Y lo peor es que ellos se creen culpables, que no pueden llegar a acuerdos y que lo están haciendo mal. No son ellos, son las empresas. Es la falta total de un buen liderazgo en el mundo de hoy.

Tuvieron mala suerte. Es lo que hay. Ojalá las empresas fueran de otro modo; ojalá los padres hubieran actuado de otra forma, pero no. Ahora tenemos que trabajar mucho más para encontrar la manera de recuperar la verdadera autoestima; para enseñarles las habilidades sociales que les faltan. No debería haber móviles en las reuniones. Ninguno. Cero. Ni tampoco salirse fuera para mandar mensajes cuando estás esperando a que comience la reunión. Así no es como las relaciones se forjan. Son los pequeños gestos los que son importantes: mientras esperamos a que la reunión comience y nos miramos a los ojos y decimos “¿Qué tal tu padre?, supe que estaba en el hospital” “Está mucho mejor, gracias. Ya está en casa” “Me alegro” “Oye, ¿tienes el informe?” “¡Oh, no. Lo olvidé!” “No te preocupes, yo puedo ayudarte en eso”… Así se forja la confianza. No se construye la confianza en un momento. Ni siquiera los malos momentos se forman inmediatamente. Es la constancia, la lentitud, lo permanente… Tenemos que crear los mecanismos que nos permitan vivir esas pequeñas interacciones. Pero los móviles en las reuniones nos lo impiden.

Cuando voy a cenar con amigos, dejamos los móviles en casa.
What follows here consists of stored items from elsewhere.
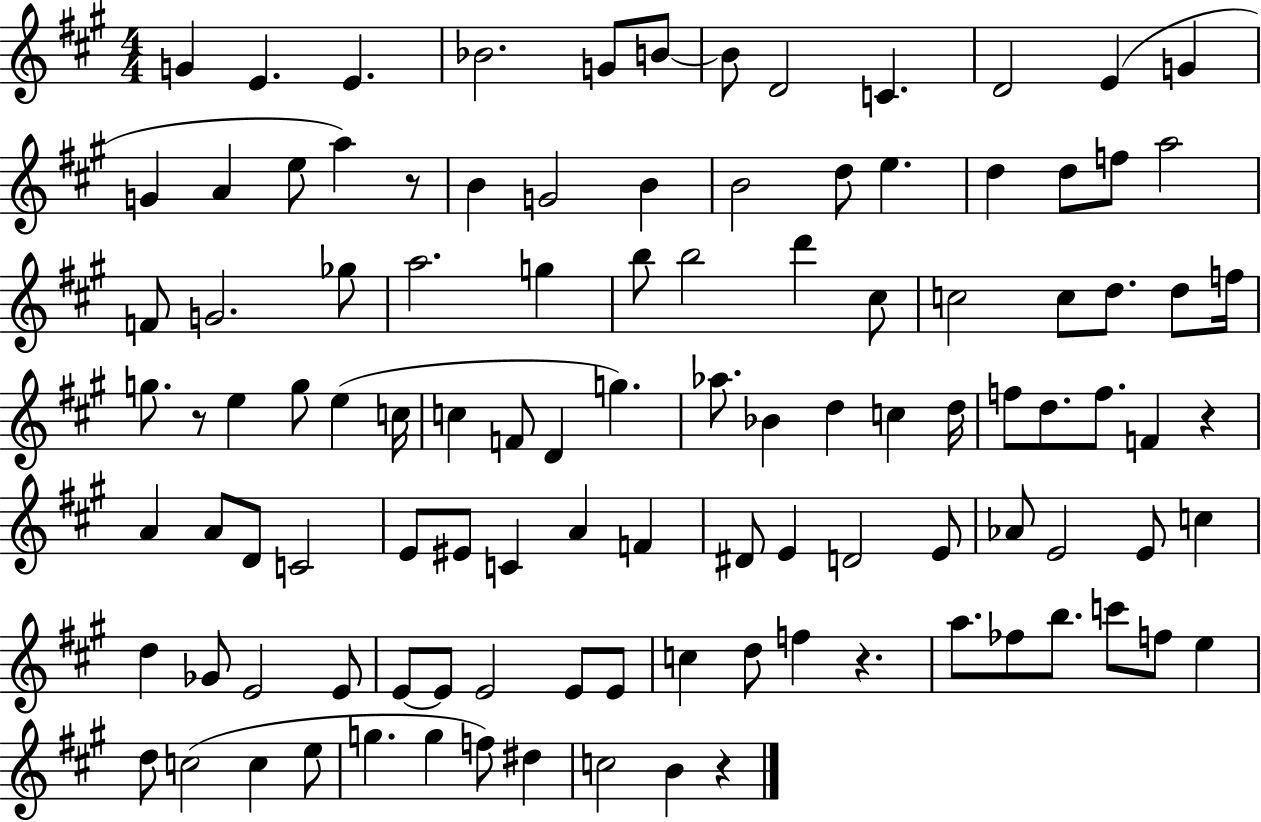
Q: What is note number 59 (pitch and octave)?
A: A4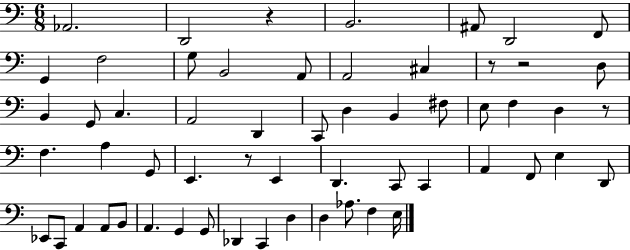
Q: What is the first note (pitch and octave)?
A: Ab2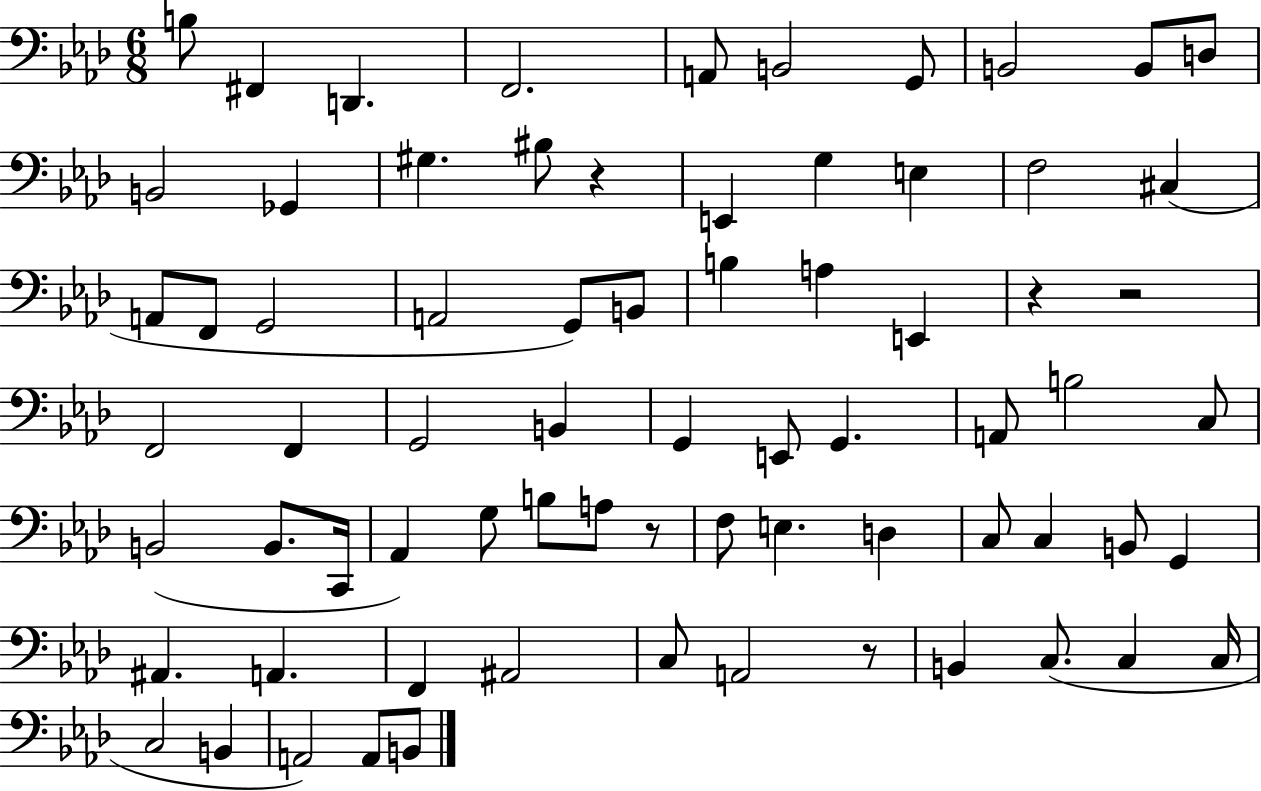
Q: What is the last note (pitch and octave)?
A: B2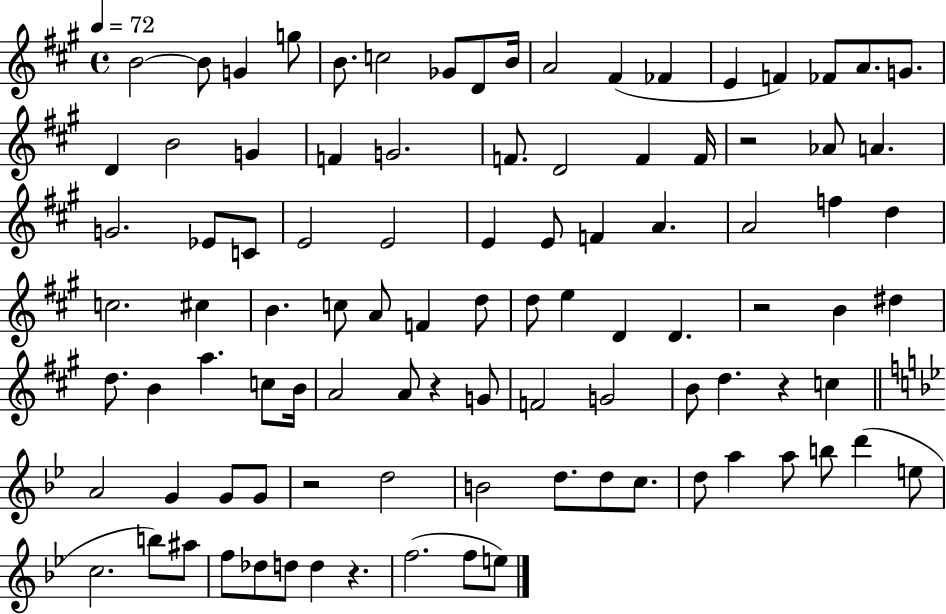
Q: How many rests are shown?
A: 6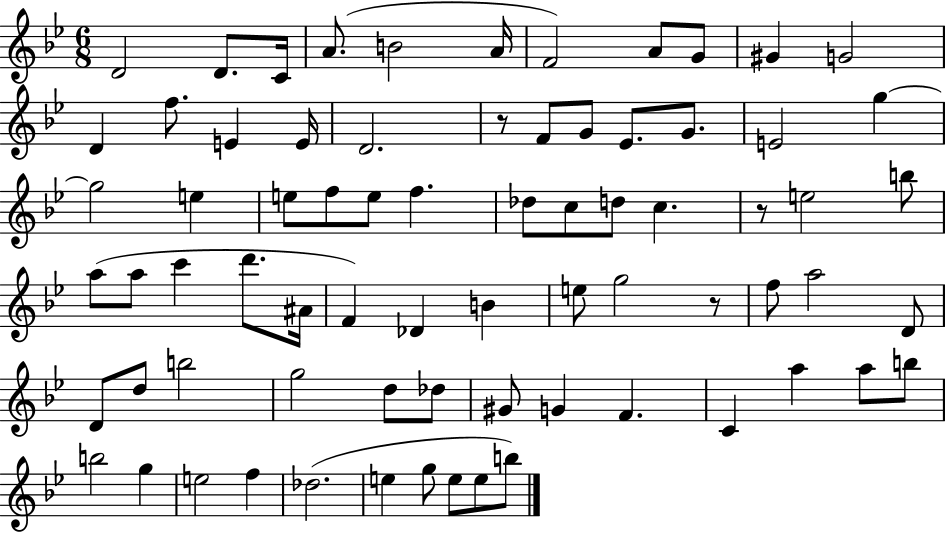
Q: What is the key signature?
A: BES major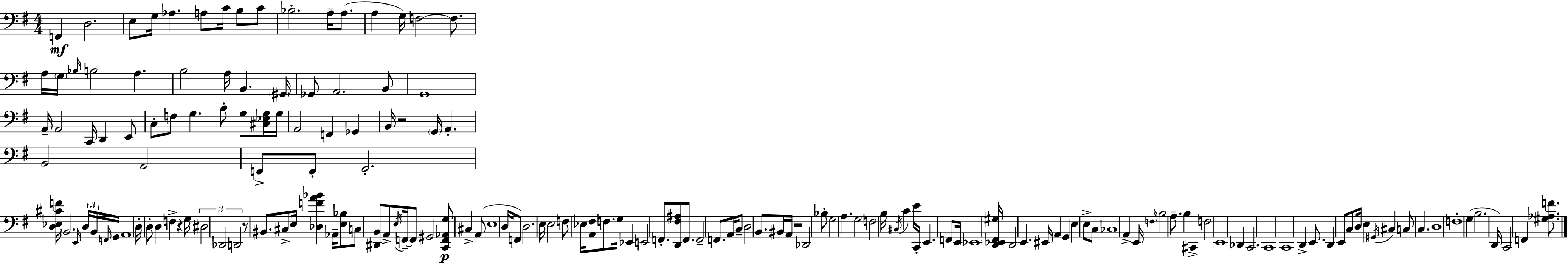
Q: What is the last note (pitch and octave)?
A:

Quizá uno, lo traiga por si hay que llamar un taxi o tomar una foto de la cena… –soy un idealista, pero no estoy loco, sí llevamos un teléfono–…

Si quitamos el alcohol de la casa es porque no confiamos en el poder de la voluntad del alcohólico. No somos lo suficientemente fuertes. Cuando quitas la tentación todo es más fácil. Cuando sólo dices “No mires el teléfono” la gente dirá “Vale”, pero luego irá al baño a atiborrarse de mensajes. Pero si no tienes el teléfono, simplemente disfrutas el momento. Ahí es donde están las ideas, las interacciones, la innovación, la creatividad… que llega cuando nuestras mentes divagan. Estamos perdiendo esos pequeños momentos valiosos.

Nadie debería cargar su teléfono al lado de la cama. Deberíamos cargarlo lejos, en el salón. Quitar las tentaciones. “¡Pero es que es mi despertador!” Pues compra un despertador.

No tenemos elección: nos guste o no, ahora tenemos la responsabilidad de compensar el déficit de esta generación fantástica.